# 🎧 Transcrever WAV no Google Colab — com **Quem Falou** e **Horário**
Transcreve **WAV** com Whisper (`faster-whisper`) e gera **TXT / SRT / VTT** com:
- Rótulo de quem fala (se estéreo, separa L/R e rotula cada lado)
- Timestamp relativo e, opcionalmente, horário real se você informar `START_CLOCK_ISO`.


In [None]:

# ⬇️ Instalar dependências
!pip -q install faster-whisper==1.0.0 ffmpeg-python==0.2.0
!apt -qq install -y ffmpeg


In [None]:

# ✅ Checagens rápidas
import sys, os, platform, importlib
def ver(name):
    try:
        m = importlib.import_module(name); return getattr(m, "__version__", "?.?.?")
    except Exception as e:
        return f"(erro: {e})"
print("Python:", sys.version.split()[0], "| OS:", platform.system(), platform.release())
print("faster-whisper:", ver("faster_whisper"))
print("ffmpeg-python:", ver("ffmpeg"))
!ffmpeg -version | head -n 1 || echo "ffmpeg não encontrado"
gpu = os.popen("nvidia-smi -L 2>/dev/null").read().strip()
print("\nGPU:", gpu if gpu else "Sem GPU dedicada detectada")


In [None]:

# ⚙️ Configurações
from pathlib import Path
INPUT_DIR = Path("/content/entrada")
OUTPUT_DIR = Path("/content/saida")
INPUT_DIR.mkdir(parents=True, exist_ok=True)
OUTPUT_DIR.mkdir(parents=True, exist_ok=True)

MODEL_SIZE = "large-v3"
LANG_HINT = "pt"

USE_VAD = True
VAD_MIN_SILENCE_MS = 600
VAD_SPEECH_PAD_MS  = 200
BEAM_SIZE = 8
BEST_OF = 5
TEMPERATURES = [0.0, 0.2, 0.4, 0.6]
COMPR_THR = 2.4
LOGPROB_THR = -1.2
NOSPEECH_THR = 0.45
CONDITION_ON_PREV = False

NORMALIZE = False
SPLIT_STEREO = True

LABEL_LEFT  = "Agente"
LABEL_RIGHT = "Cliente"

START_CLOCK_ISO = ""  # ex: "2025-09-02T09:30:00-03:00"

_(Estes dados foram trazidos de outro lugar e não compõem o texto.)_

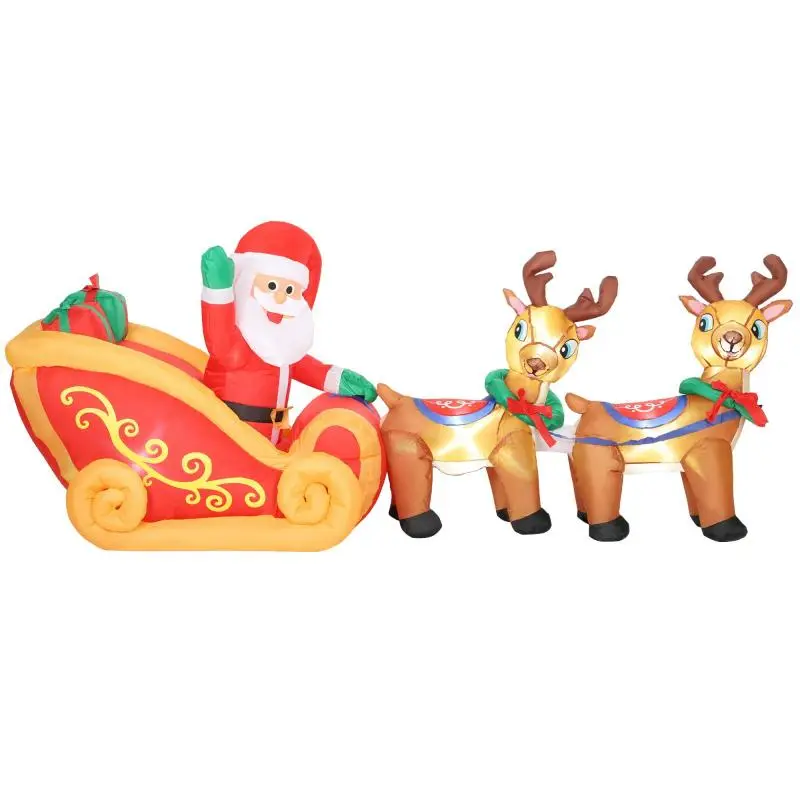 Inflatable Santa Claus with Sleigh and Reindeer, 2.4 m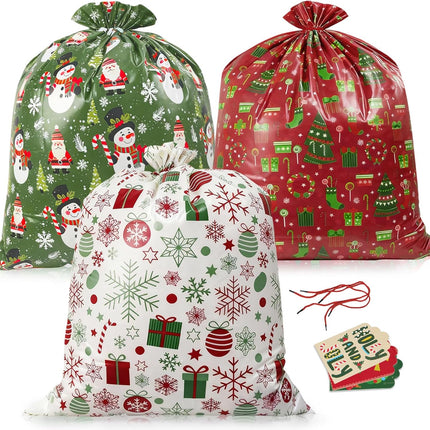 3 Pack Large Christmas Gift Bags – 36×44" Reusable Jumbo Holiday Sacks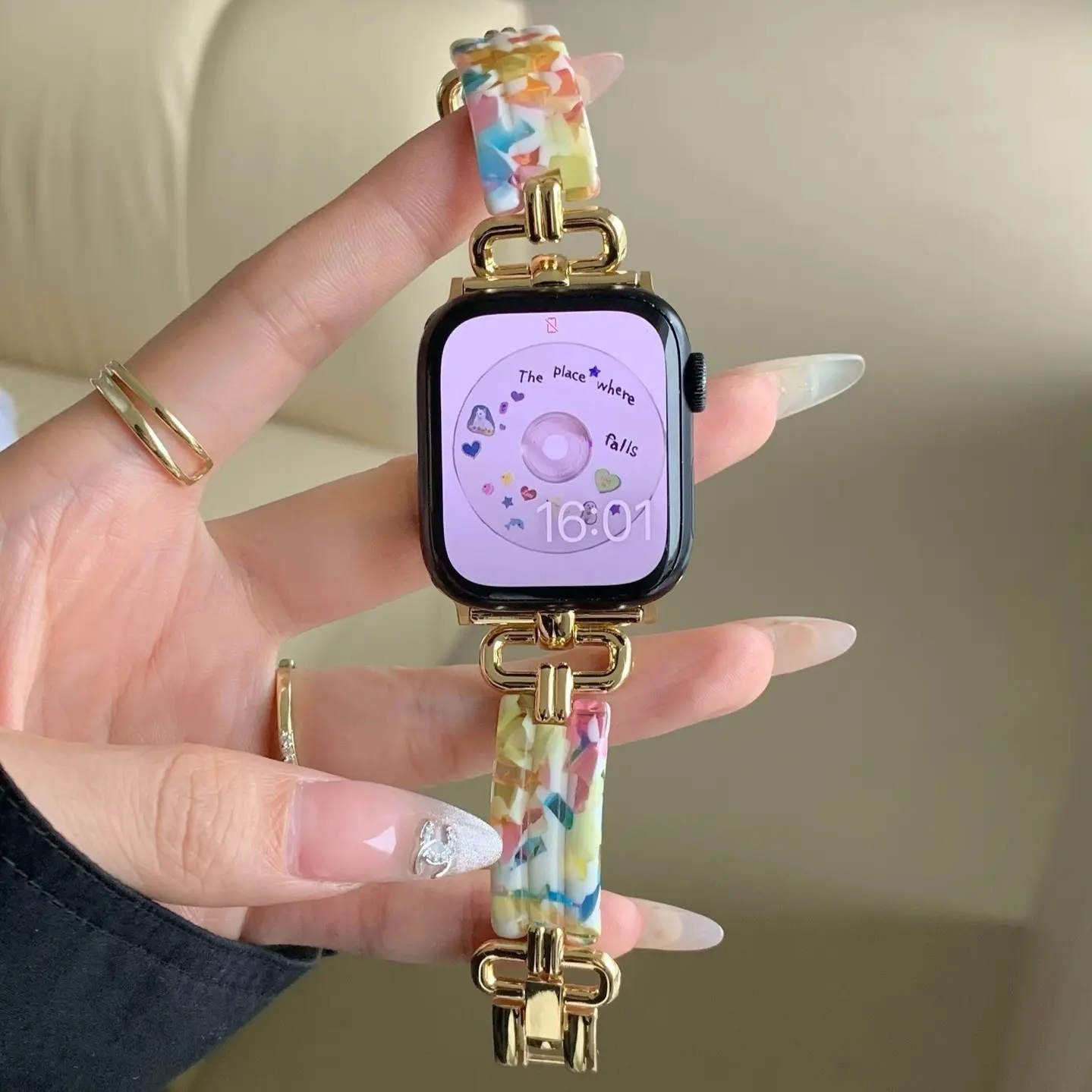 Resin Simple Bracelet Metal Watch Strap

print("Entrada:", INPUT_DIR)
print("Saída:  ", OUTPUT_DIR)
print("Modelo:", MODEL_SIZE, "| Idioma:", (LANG_HINT or "(autodetect)"))


In [None]:

# 📁 (Opcional) Montar Google Drive
USE_DRIVE = False
if USE_DRIVE:
    from google.colab import drive
    drive.mount('/content/drive')
    INPUT_DIR = Path("/content/drive/MyDrive/transcricoes/entrada")
    OUTPUT_DIR = Path("/content/drive/MyDrive/transcricoes/saida")
    INPUT_DIR.mkdir(parents=True, exist_ok=True)
    OUTPUT_DIR.mkdir(parents=True, exist_ok=True)
    print("Drive montado.")
    print("Entrada:", INPUT_DIR)
    print("Saída:  ", OUTPUT_DIR)


In [None]:

# ⬆️ Upload de WAVs
from google.colab import files
import shutil
from pathlib import Path

DO_UPLOAD = True
if DO_UPLOAD:
    print("Selecione um ou mais arquivos .wav...")
    up = files.upload()
    for name in up.keys():
        src = Path("/content") / name
        dst = INPUT_DIR / name
        if src.exists():
            shutil.move(str(src), str(dst))
            print("✔️ Movido para:", dst)
        else:
            print("⚠️ Não encontrei após upload:", src)
else:
    print("Upload desativado; usando arquivos de:", INPUT_DIR)


In [None]:

# 🧠 Funções
from datetime import datetime, timedelta
import ffmpeg
from faster_whisper import WhisperModel

def fmt_rel_ts(t: float) -> str:
    h = int(t // 3600); m = int((t % 3600) // 60); s = int(t % 60); ms = int((t - int(t)) * 1000)
    return f"{h:02}:{m:02}:{s:02},{ms:03}"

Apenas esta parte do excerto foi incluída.